Short text fragments from websites:
■ ■ ■ ■ ■
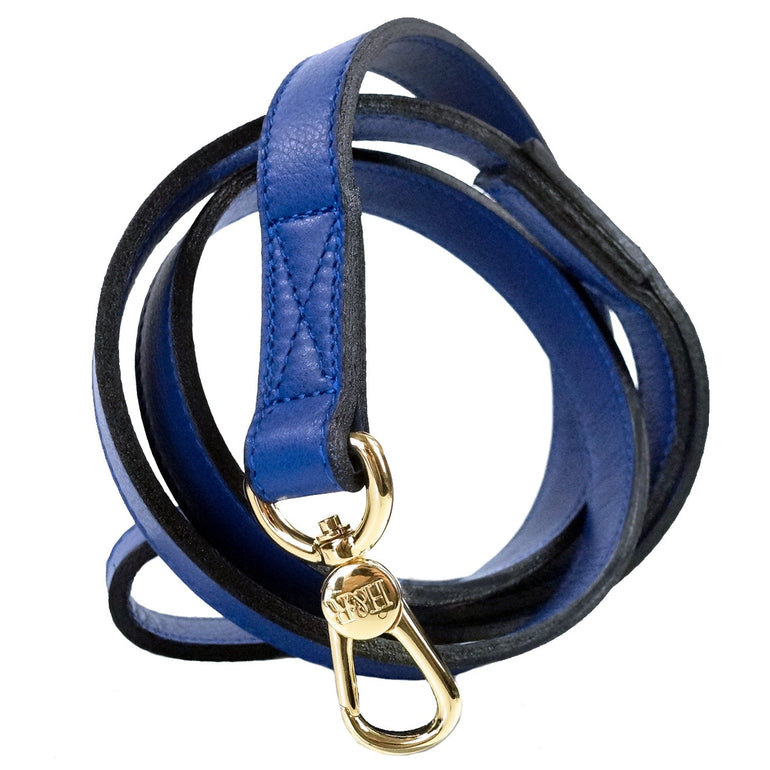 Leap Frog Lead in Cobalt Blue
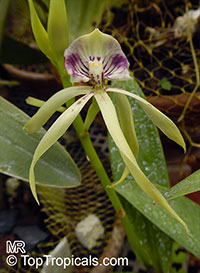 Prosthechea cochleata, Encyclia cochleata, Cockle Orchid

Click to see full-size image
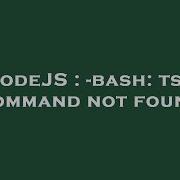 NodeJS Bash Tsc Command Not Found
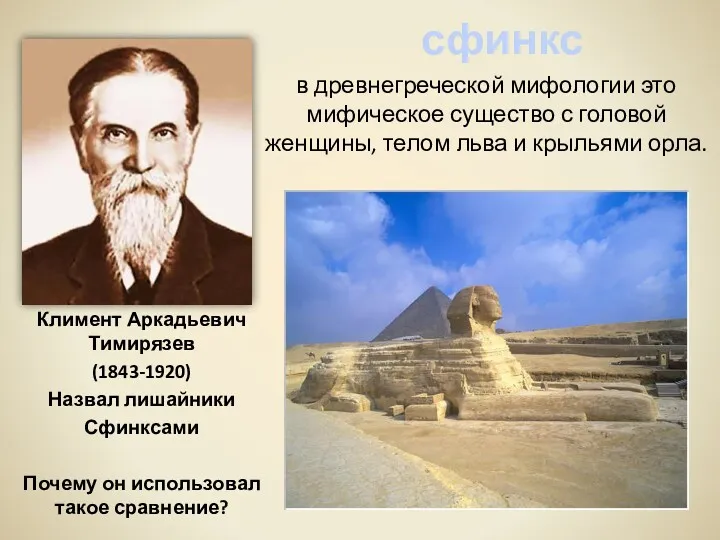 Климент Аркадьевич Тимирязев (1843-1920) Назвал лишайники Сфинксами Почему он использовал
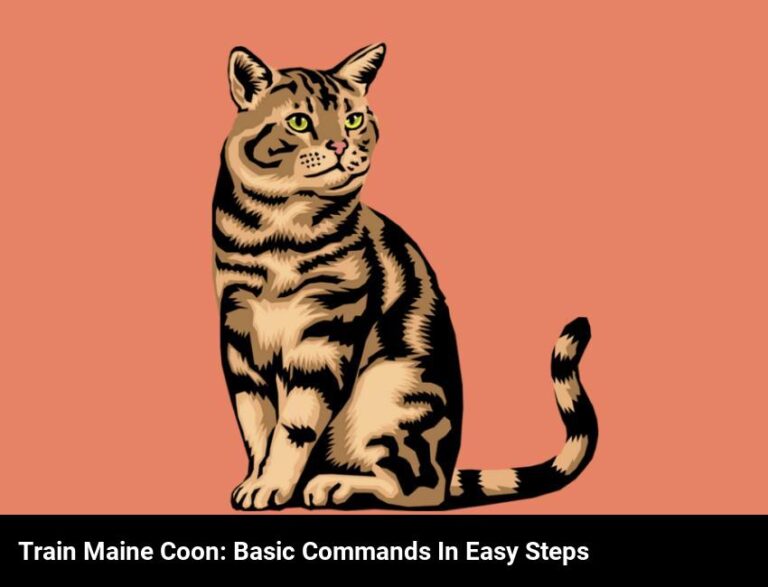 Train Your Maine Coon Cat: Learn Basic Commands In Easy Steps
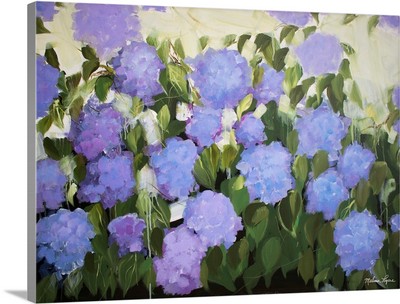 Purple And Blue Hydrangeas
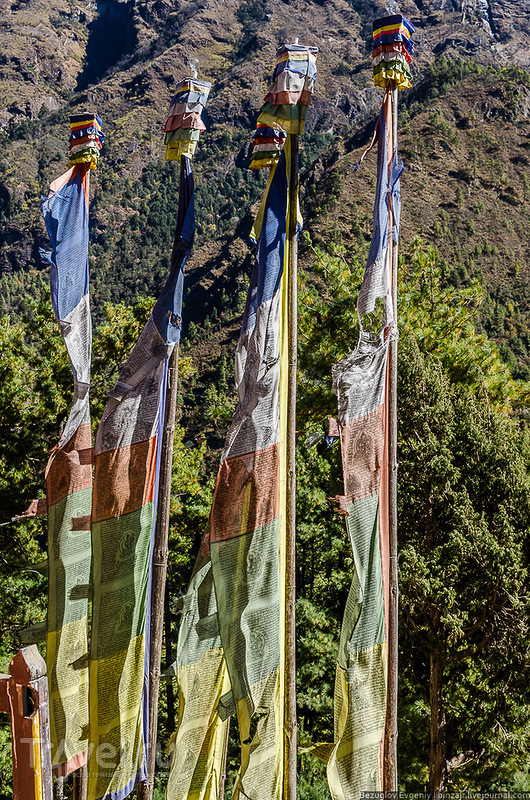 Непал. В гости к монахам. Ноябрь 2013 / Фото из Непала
■ ■ ■ ■ ■
Task to complete: Lines from the one holding "Train Your Maine" to the end of the data, both ends included, are to be given again exactly; no pictures belong in the copy.

Your solution:
 Train Your Maine Coon Cat: Learn Basic Commands In Easy Steps
 Purple And Blue Hydrangeas
 Непал. В гости к монахам. Ноябрь 2013 / Фото из Непала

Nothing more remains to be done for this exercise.